START PROVIDED RECORDS

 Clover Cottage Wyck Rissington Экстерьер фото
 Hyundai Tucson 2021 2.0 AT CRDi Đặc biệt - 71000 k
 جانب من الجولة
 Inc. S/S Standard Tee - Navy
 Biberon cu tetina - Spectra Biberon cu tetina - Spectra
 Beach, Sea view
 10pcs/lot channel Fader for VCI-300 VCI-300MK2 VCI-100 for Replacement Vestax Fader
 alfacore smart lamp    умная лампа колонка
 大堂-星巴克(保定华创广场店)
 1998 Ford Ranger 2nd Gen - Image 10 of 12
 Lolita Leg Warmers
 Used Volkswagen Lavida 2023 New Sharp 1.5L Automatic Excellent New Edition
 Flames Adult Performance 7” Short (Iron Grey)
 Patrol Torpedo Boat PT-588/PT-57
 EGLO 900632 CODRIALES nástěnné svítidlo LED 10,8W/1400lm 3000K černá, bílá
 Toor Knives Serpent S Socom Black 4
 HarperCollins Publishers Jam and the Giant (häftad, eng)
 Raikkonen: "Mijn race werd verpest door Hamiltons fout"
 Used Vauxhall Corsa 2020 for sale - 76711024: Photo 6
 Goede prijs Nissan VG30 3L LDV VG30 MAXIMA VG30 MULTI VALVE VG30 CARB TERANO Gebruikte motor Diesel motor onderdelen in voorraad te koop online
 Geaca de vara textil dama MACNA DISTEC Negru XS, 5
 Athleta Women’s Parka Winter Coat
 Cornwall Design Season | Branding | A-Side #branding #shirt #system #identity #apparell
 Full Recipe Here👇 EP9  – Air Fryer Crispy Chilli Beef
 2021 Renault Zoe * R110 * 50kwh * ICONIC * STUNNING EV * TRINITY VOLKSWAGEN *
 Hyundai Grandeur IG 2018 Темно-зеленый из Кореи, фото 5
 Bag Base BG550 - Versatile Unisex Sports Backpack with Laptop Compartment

END PROVIDED RECORDS

● WHAT TO DO
Copy the records above exactly, from the first line through the line containing "Lolita Leg Warmers", and include nothing else.

● YOUR SOLUTION
 Clover Cottage Wyck Rissington Экстерьер фото
 Hyundai Tucson 2021 2.0 AT CRDi Đặc biệt - 71000 k
 جانب من الجولة
 Inc. S/S Standard Tee - Navy
 Biberon cu tetina - Spectra Biberon cu tetina - Spectra
 Beach, Sea view
 10pcs/lot channel Fader for VCI-300 VCI-300MK2 VCI-100 for Replacement Vestax Fader
 alfacore smart lamp    умная лампа колонка
 大堂-星巴克(保定华创广场店)
 1998 Ford Ranger 2nd Gen - Image 10 of 12
 Lolita Leg Warmers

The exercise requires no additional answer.